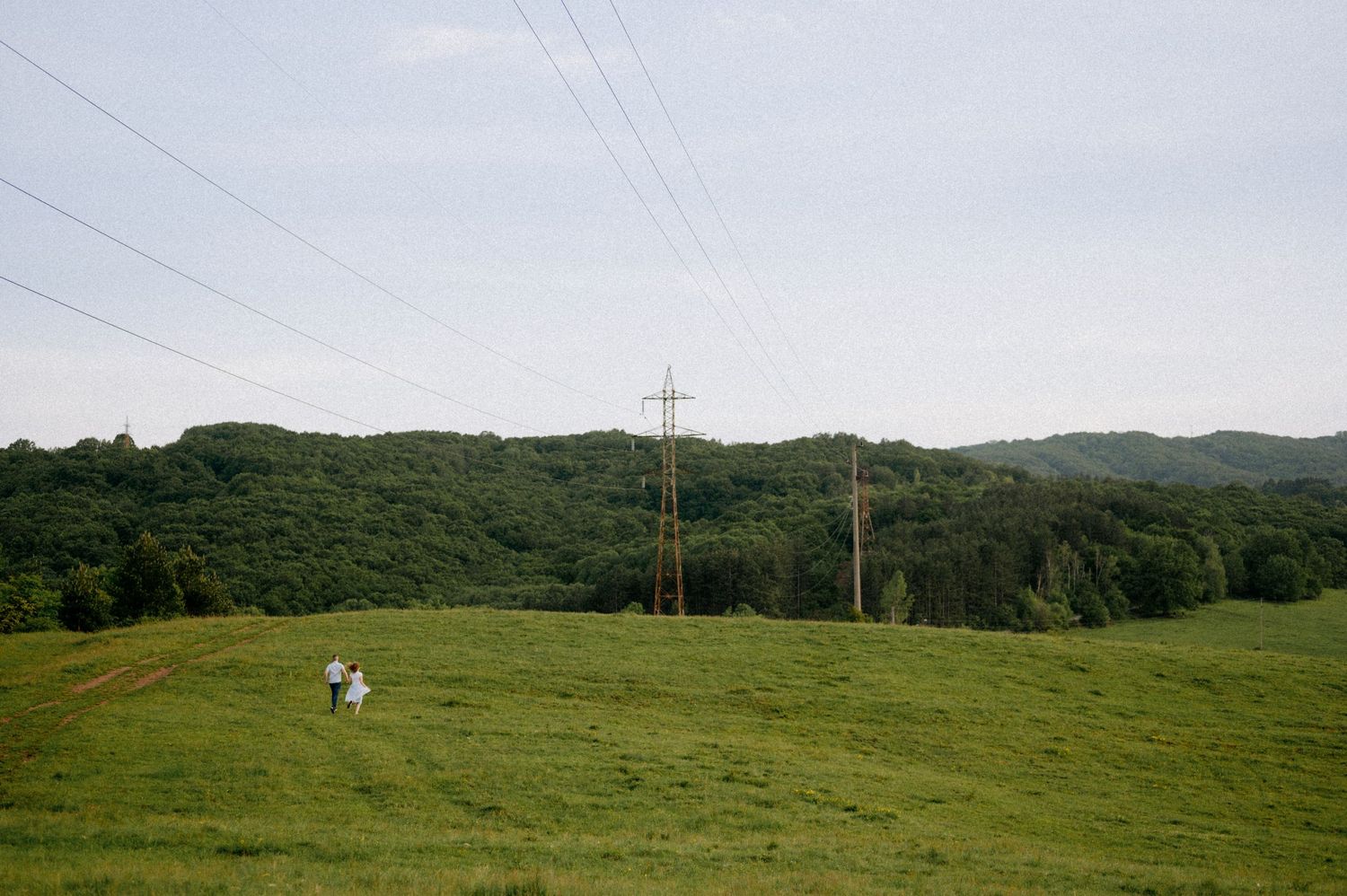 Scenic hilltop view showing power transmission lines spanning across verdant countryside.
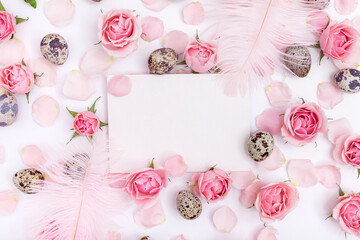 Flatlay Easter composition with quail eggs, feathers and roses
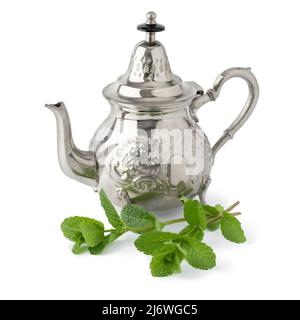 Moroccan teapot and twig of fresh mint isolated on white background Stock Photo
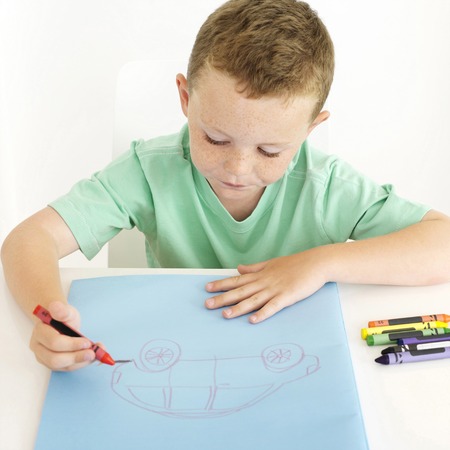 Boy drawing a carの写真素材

- YOUR ASSIGNMENT
Make an exact copy of the whole listing, but don't bring over any pictures.

- ANSWER SPACE
 Scenic hilltop view showing power transmission lines spanning across verdant countryside.
 Flatlay Easter composition with quail eggs, feathers and roses
 Moroccan teapot and twig of fresh mint isolated on white background Stock Photo
 Boy drawing a carの写真素材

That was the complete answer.